Born Margaret Anglin Frankel
(1907-03-15)March 15, 1907
Brooklyn, New York, United States
Died September 5, 1998(1998-09-05) (aged 91)
Santa Fe, New Mexico, United States
Occupation Modernist painter

Margaret Lefranc (nee Frankel and later Schoonover) (March 15, 1907 – September 5, 1998) was an American painter, illustrator and editor, an American Modernist with early training as a color Expressionist and also classical training. According to the art historian Sharyn Udall, a woman "on the edge of the avant-garde." Lefranc produced portraits, figures, florals, still lifes and landscapes in a variety of compositions. Her media included oil, watercolor, gouache, pastel, drawing, etching and monotypes. At age eighteen, she received accolades from Alfred Stieglitz and, in November 1928, aged twenty-two, received rave reviews in La Revue Moderne, when her works Dancer and Mme M. en Pyjama were shown in Paris.

Margaret Lefranc, was born in Brooklyn, New York, to Abraham Frankel and Sophie Tiplitz Frankel, who were sixteen and seven respectively when they immigrated with their parents from Moscow and Tibilisi. During their marriage, Abraham owned a shirt factory, a shipping line, distributed Western films, built the Lowe's theater in Brooklyn, owned other real estate and was the first person to have a small orchestra in vaudeville. They had four children, but one son died. They spent summers in Hunter, New York, at a farmhouse built in 1776 which Abraham purchased. Lefranc was often in poor health which made it difficult for her to attend school regularly.

Lefranc was the youngest child and at the age of six, she decided to become an artist. The Brooklyn home inspired her young artistic inclinations with colorful medallions and portraits of famous people on the library ceiling and a print of Rosa Bonheur's Horse Fair on a wall. Eventually her mother, tired from housekeeping, talked Abe into moving into two suites at the Hotel Pennsylvania located in Manhattan. Margaret spent a lot of time alone when she wasn’t in the hands of a caregiver.
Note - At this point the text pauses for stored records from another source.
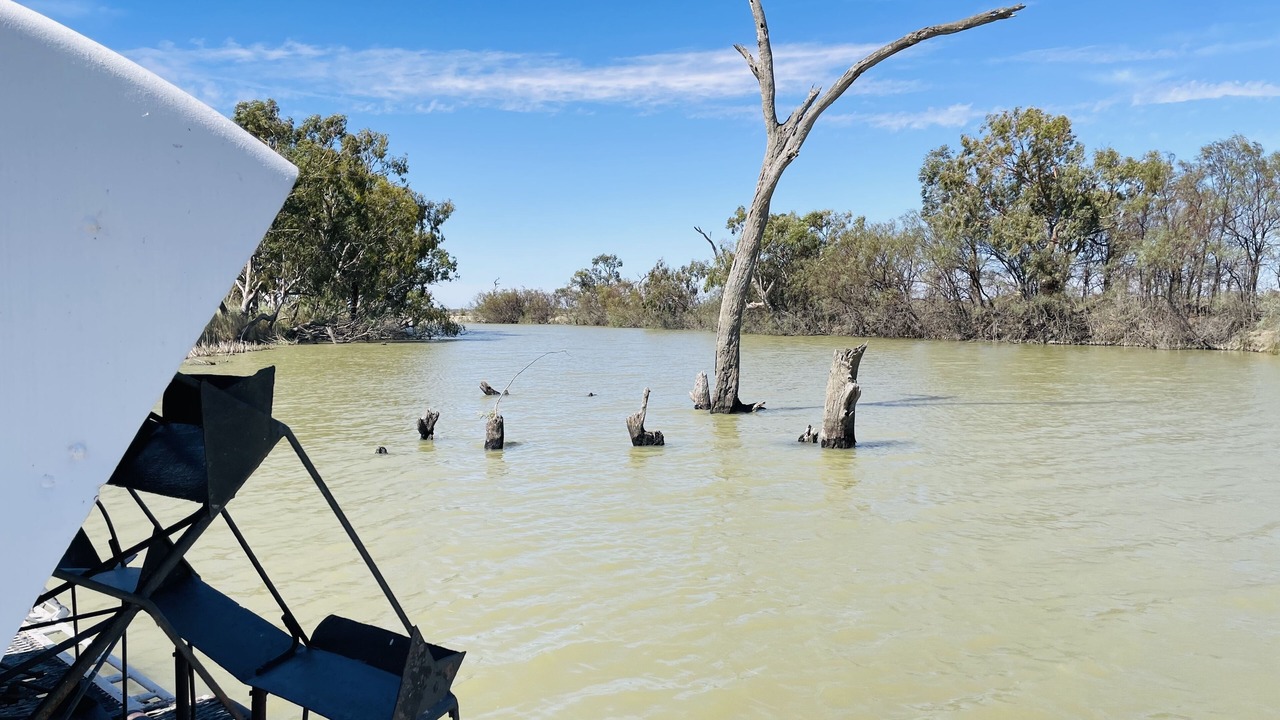 Photo of Outdoor in Renmark North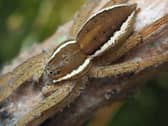 Fen raft spider.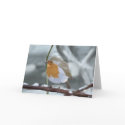 Robin greeting card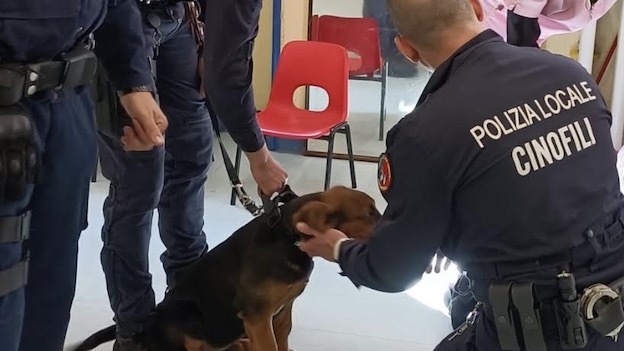 sicurezza trecate scuole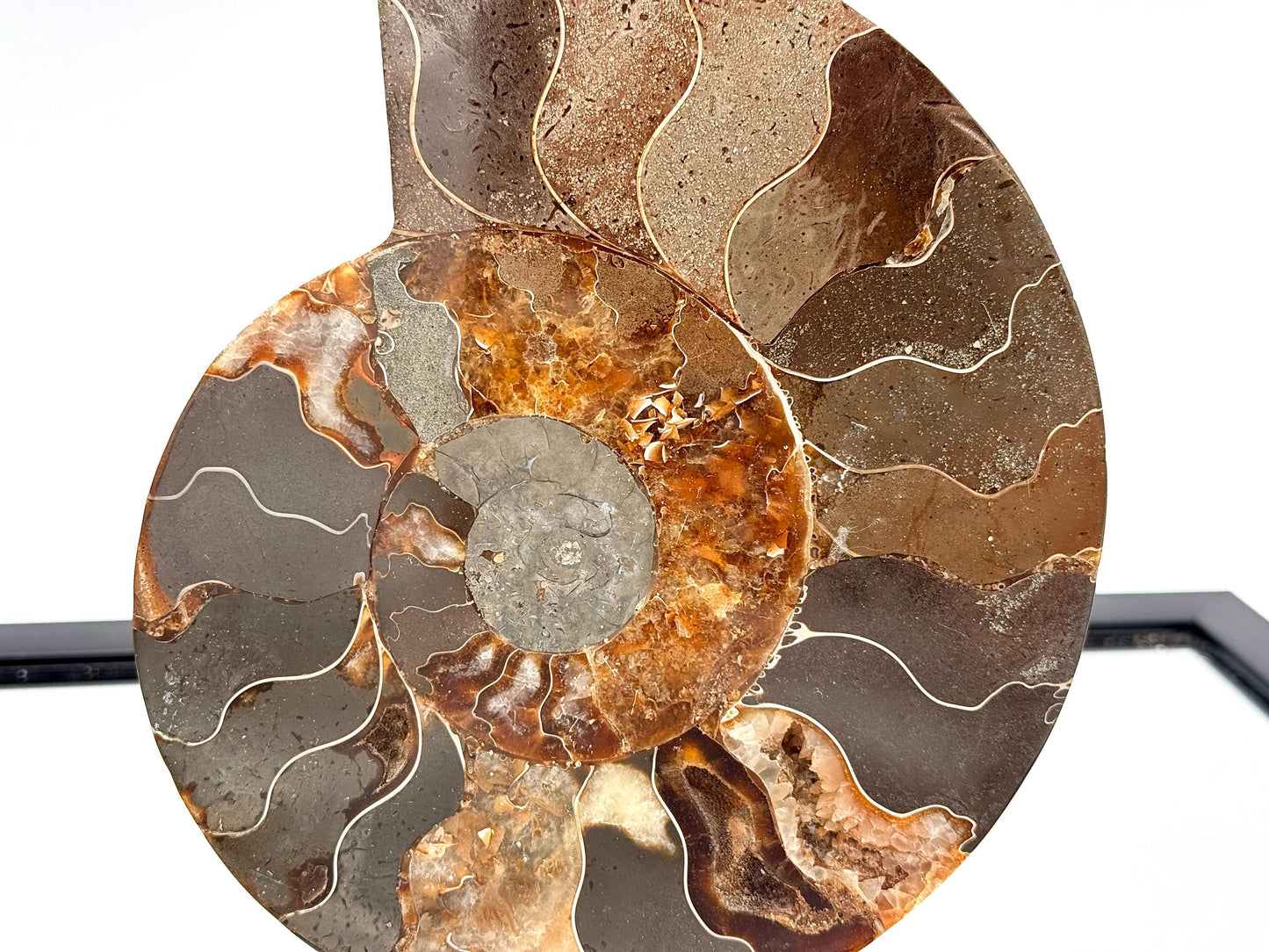 Ammonite Fossil Pair - 1.10KG - #37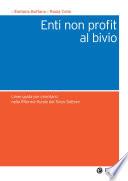 Enti non profit al bivio
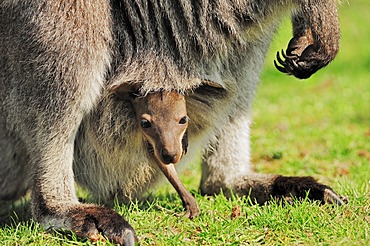 Red-necked wallaby (Macropus rufogriseus), joey in pouch, found in Australia, captive, North Rhine-Westphalia, Germany, Europe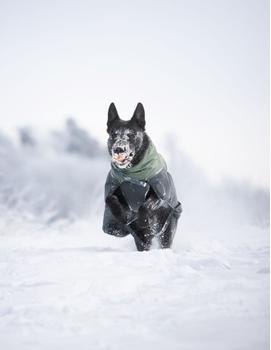 Non-stop Glacier Wool Jacket 2.0 - Grå/Grønn  (44-32491-15000644956)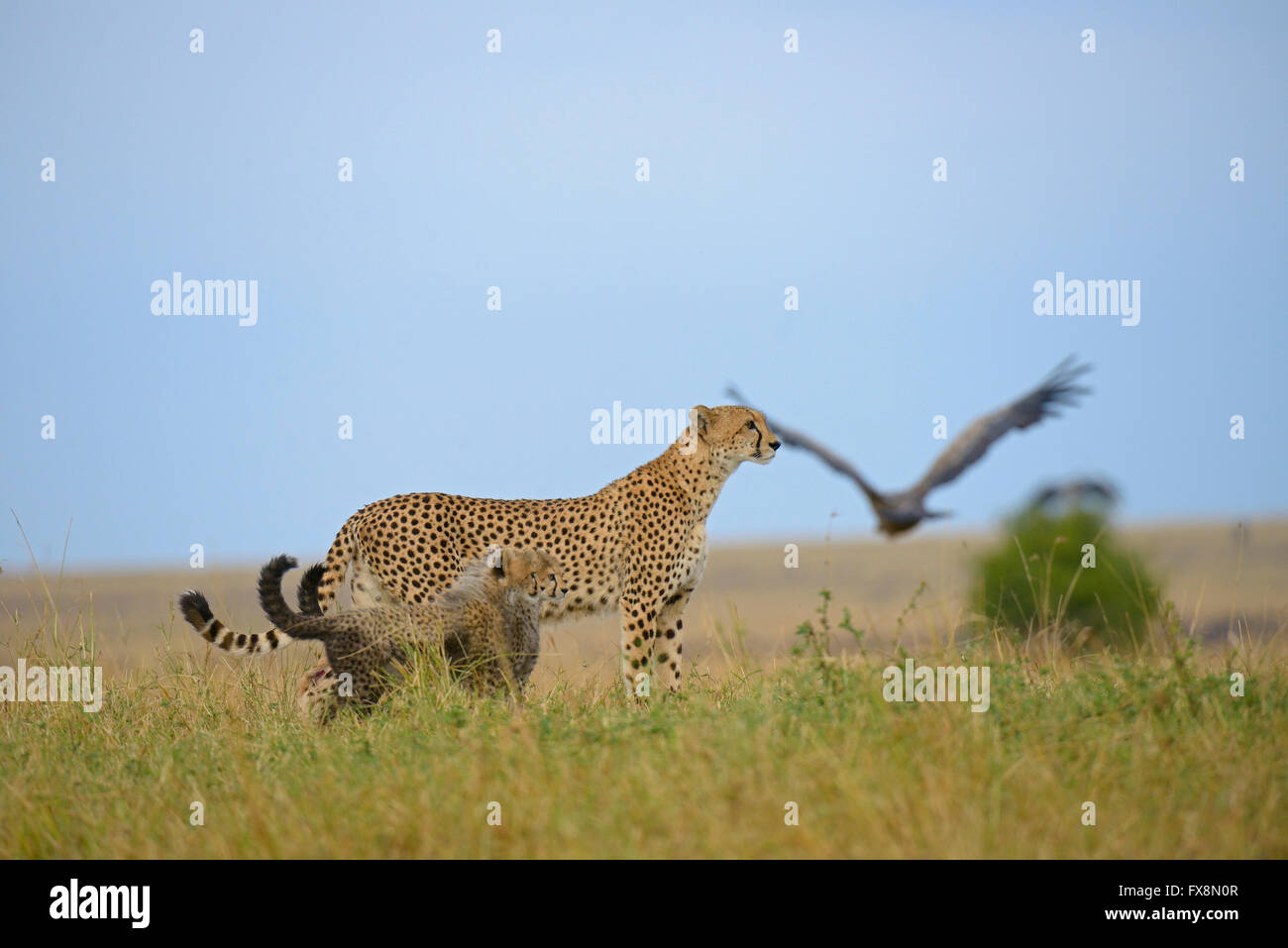 Low angle shot of a Wild cheetah mother with her cubs, walking in the grasslands of Masai Mara in Kenya, Africa Stock Photo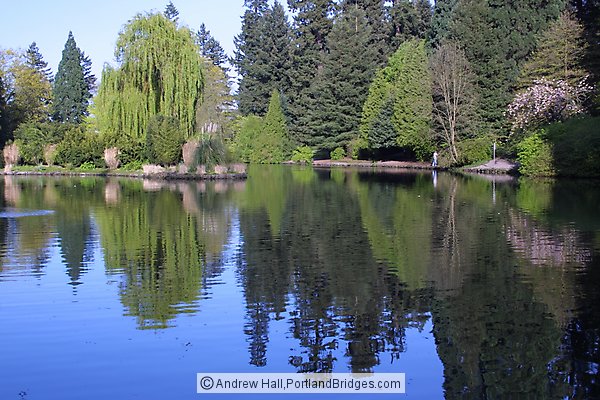 Laurelhurst Park, Lake, Ducks, Portland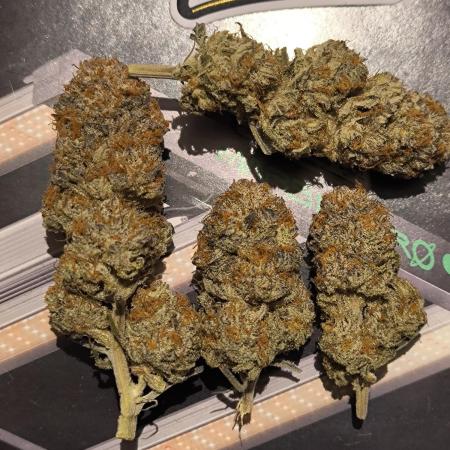 Mimosa x Orange Punch - Barney's Farm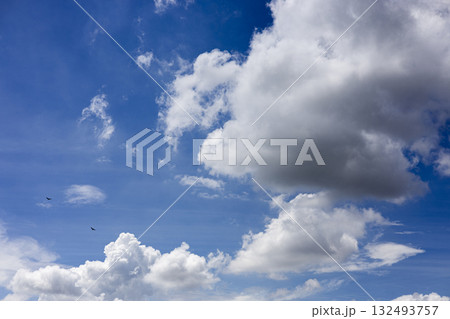 Freedom Flight Of Bird In Bright Sky, A graceful bird soars in a bright sky, wings spread against golden sunlight, perfect for a nature photography shot or a liberating spirit showcase. 132493757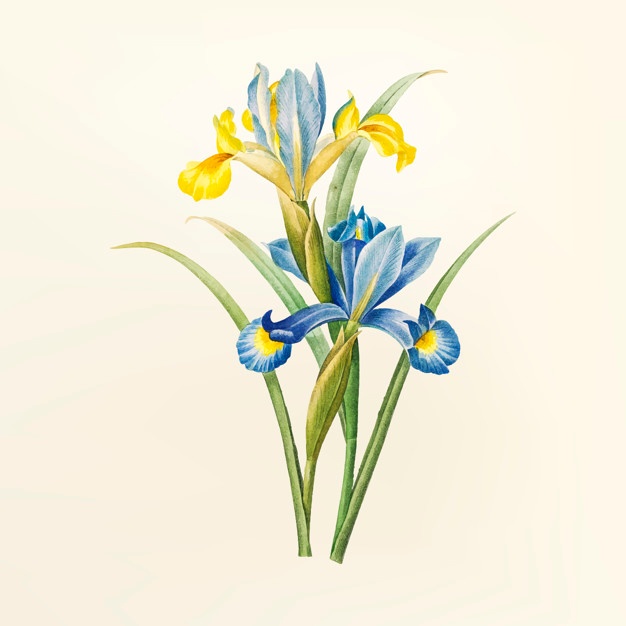 626x626 Iris Flower Vectors, Photos And Psd Files Free Download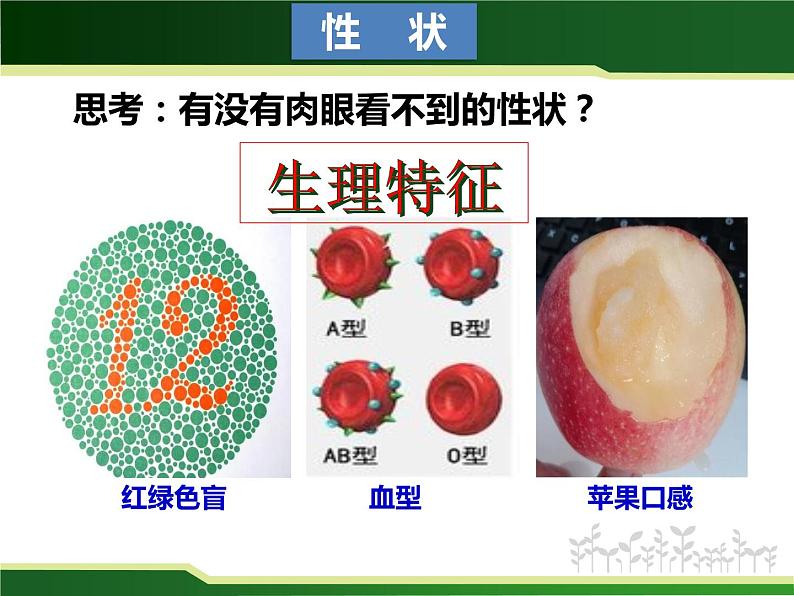 初中 初二 生物 基因控制生物的性状 教学课件08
In New York City, Lefranc attended Adelphi Academy and Hunter College Model School. At the age of twelve and living at the Pennsylvania Hotel, she was chauffeured to her formal classes at the New York's Art Students League where she attended for three or four hours. She worked in charcoal drawing reproductions.

Abe's shipping business closed with the beginning of World War I, when one of his tankers was torpedoed by the Germans and the survivors were shot in their lifeboats. Abe was commissioned by the U. S. Government to scrap the German fleet, and the girl's parents moved to Germany but left the children in America. Celeste, the elder sister, who was nine years older and married, looked after Margaret. Lefranc finished the last few months in school, and at the age of thirteen, traveled by freighter to join her parents in Berlin where she contracted rheumatic fever. She spent almost a year in bed, didn’t speak German until six months later, and, at that time, wasn’t exposed to the widespread hardship in the city. Abe built her a small studio on the roof of their apartment building where Margaret drew in charcoals under the tutelage of a young art student who eventually told her parents to leave her alone and let her develop on her own. Once he brought an old woman he had met on the street to pose by Lefranc's bedside for a small amount of money. Lefranc was aware that the money from the sketch would allow the woman to buy some food. When Lefranc was well, she took classes in charcoal drawing and charcoal portraits at "Kunstschule des Westens", the School of the West. After a year in Berlin, the Frankel's moved to Paris.